Did the premise for any of your novels arrive in a spark of inspiration? Any stories behind the stories?
Yes, the premise for my first novel, I Was Amelia Earhart, came when I read an article in the paper saying someone had thought he'd found a piece of her plane. The article mentioned that she'd had a navigator, which I'd never known. The idea of Earhart and navigator flying and crashing together immediately got me thinking and sparked my imagination.
My second book, Innocence, actually began as a horror script. Before Amelia was published I was asked to write a horror story about a teenage girl.
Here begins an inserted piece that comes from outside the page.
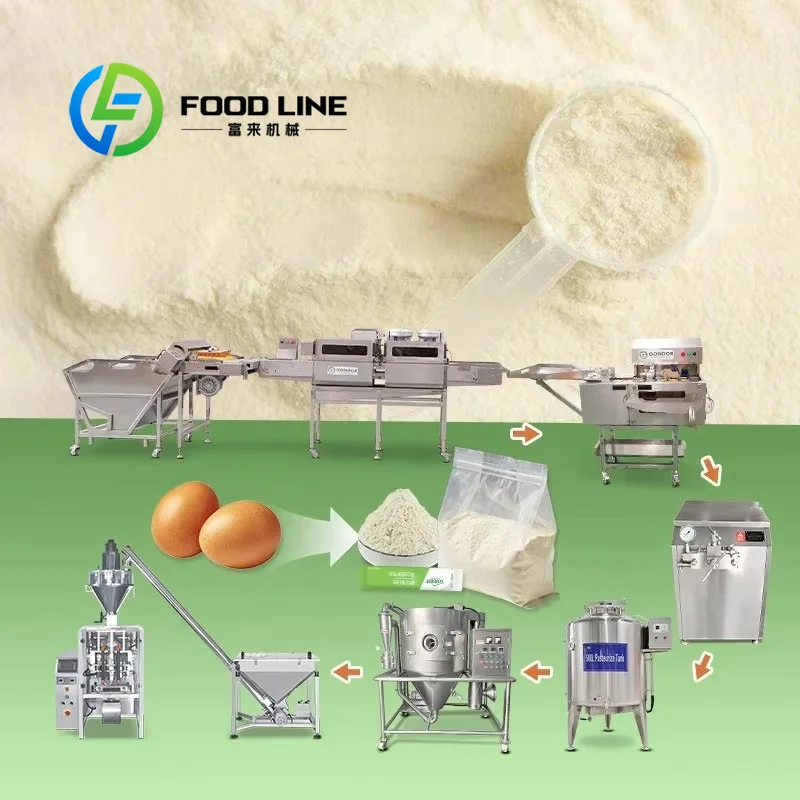 W pełni automatyczna linia do  – Food Snacks With Protein recenzja i cena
I worked on it after the publication of Amelia, which was a thrilling success but also a very unexpected and a somewhat traumatic introduction into the world of commerce for me, so I poured a lot of my feeling about that into the writing of what was for me a very metaphorical vampire story.
The story behind the stories of my most recent novel, American Music, is that I had two ideas that wove together. The first was when I heard that there was a secret formula for making cymbals, centuries old but still used today. That got my imagination going on many levels -- I imagined someone fruitlessly searching for the secret to making symbols (I liked the pun/double meaning). In the end, the novel really did become about that, about symbol making and storytelling and their inextricable relationship to love.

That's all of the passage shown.